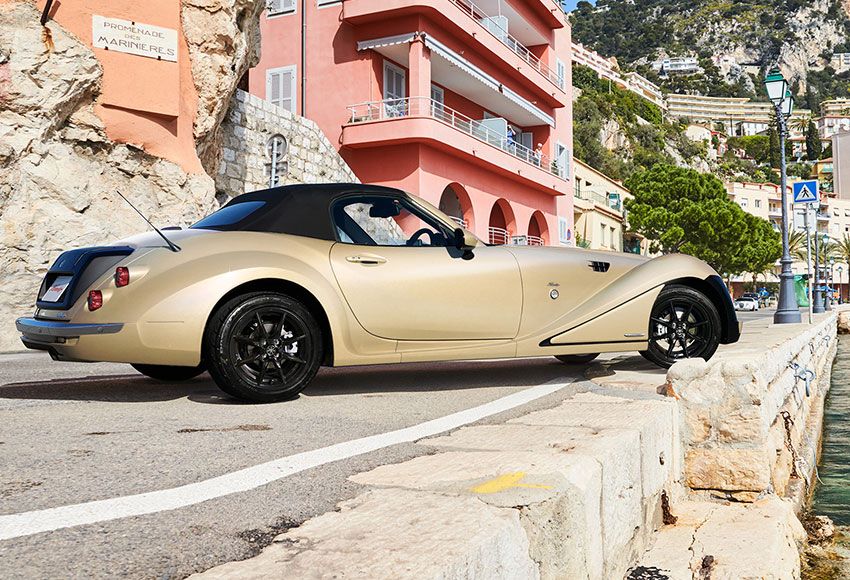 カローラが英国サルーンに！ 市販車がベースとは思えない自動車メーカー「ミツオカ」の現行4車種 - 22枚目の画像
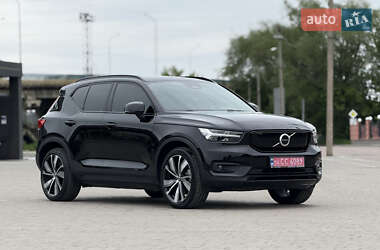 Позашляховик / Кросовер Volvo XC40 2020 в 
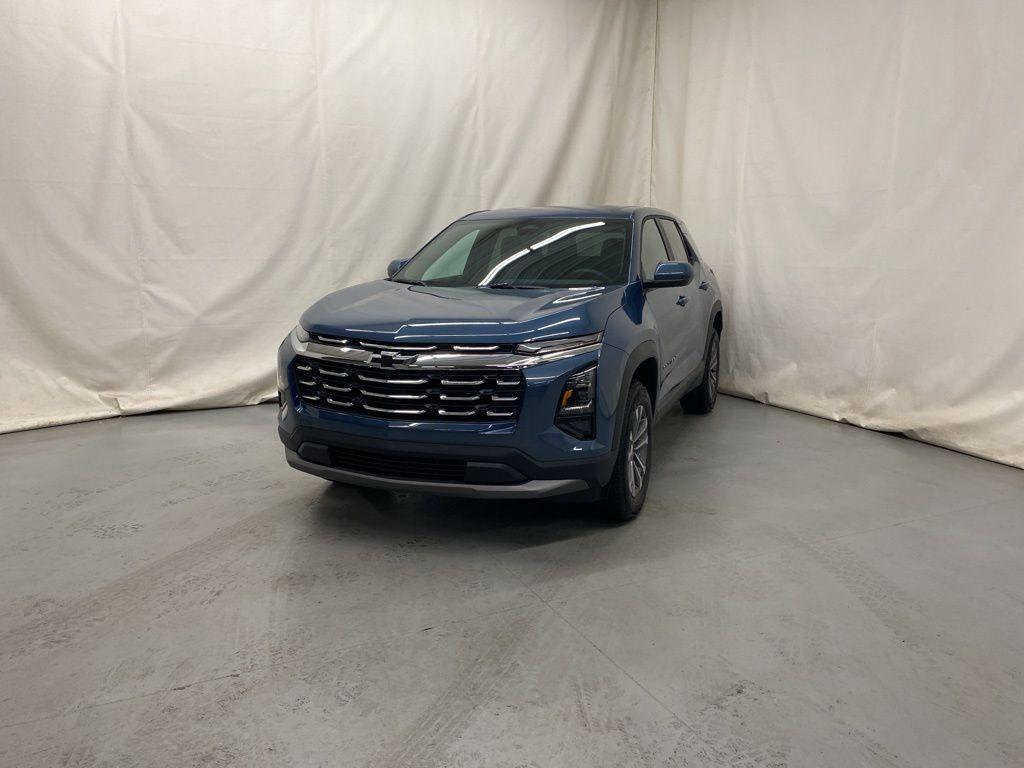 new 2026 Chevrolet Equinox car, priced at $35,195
○ ○ ○ ○
The task
Please reproduce each line of the listing above exactly, skipping pictures.

Output below
 カローラが英国サルーンに！ 市販車がベースとは思えない自動車メーカー「ミツオカ」の現行4車種 - 22枚目の画像
 Позашляховик / Кросовер Volvo XC40 2020 в 
 new 2026 Chevrolet Equinox car, priced at $35,195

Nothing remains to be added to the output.